Para potenciar os poucos recursos existentes, entre outras coisas, seria oportuno partilhar todo o tipo de informação acerca de materiais e experiências realizadas que digam respeito precisamente à formação do voluntariado e à transformação da realidade.


Conclusões – Está em jogo o rosto do Deus cristão

O Concílio Vaticano II deu como adquirido que hoje em dia vivemos num regime de rotura entre o cristianismo eclesial e a sociedade laica. Acontece que o Concílio, diante de tal situação, não se quis manter naquela atitude de uma Igreja assustada e medrosa diante das ameaças de desintegração interna, mas operou um golpe de rins, uma viragem, com a qual se propôs renovar a credibilidade do cristianismo através dum diálogo acerca da procura moderna dum sentido – social e cultural – mostrando como a opção crente não só não nega como assume, corrige e eleva à sua plenitude a exigência de todo o ser humano em optar por um sentido para a sua vida e de configurar um projecto de humanidade conforme a dita opção.

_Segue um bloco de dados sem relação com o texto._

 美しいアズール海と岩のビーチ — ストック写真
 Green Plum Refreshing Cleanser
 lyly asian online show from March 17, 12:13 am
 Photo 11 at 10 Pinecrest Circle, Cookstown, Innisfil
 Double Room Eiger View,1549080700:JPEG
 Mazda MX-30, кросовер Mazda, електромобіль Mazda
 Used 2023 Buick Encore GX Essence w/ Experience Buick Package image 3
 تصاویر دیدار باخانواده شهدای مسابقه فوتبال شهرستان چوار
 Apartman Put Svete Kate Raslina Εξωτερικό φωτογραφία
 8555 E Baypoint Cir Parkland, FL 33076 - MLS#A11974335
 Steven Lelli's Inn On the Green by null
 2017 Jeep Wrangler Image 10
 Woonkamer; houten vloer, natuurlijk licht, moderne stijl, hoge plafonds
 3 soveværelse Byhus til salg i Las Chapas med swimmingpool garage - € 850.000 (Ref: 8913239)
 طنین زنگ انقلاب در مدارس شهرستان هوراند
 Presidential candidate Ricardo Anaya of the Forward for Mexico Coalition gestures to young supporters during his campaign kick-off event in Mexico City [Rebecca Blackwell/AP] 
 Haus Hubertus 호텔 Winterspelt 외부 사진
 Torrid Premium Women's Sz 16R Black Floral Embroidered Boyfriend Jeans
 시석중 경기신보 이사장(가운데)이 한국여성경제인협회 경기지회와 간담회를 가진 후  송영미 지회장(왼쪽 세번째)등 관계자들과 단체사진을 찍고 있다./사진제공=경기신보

A revelação de Deus em Jesus, quando vivida historicamente na «comunidade de seguimento», descobre uma inesgotável capacidade de oferta de sentido. Este potencial só se desenvolve na medida em que seja vivido pela comunidade cristã através de tudo aquilo que constitua a acção humanizadora das pessoas.[2]

Por isso, no nosso tempo, a operação de legitimação do cristianismo consiste em acompanhar a marcha histórica da humanidade a partir duma fé activa que se transforme em fé eficaz pelo amor prático ao «comum dos mortais». Hoje em dia isso comporta uma enorme dificuldade, e por uma razão muito simples: ainda não nos distanciamos da contaminação que existe, desde há imenso tempo, entre o chamamento evangélico a servir, despojados de todas as estruturas de poder, e o poder (social ou político) realmente exercido pelo cristianismo eclesial.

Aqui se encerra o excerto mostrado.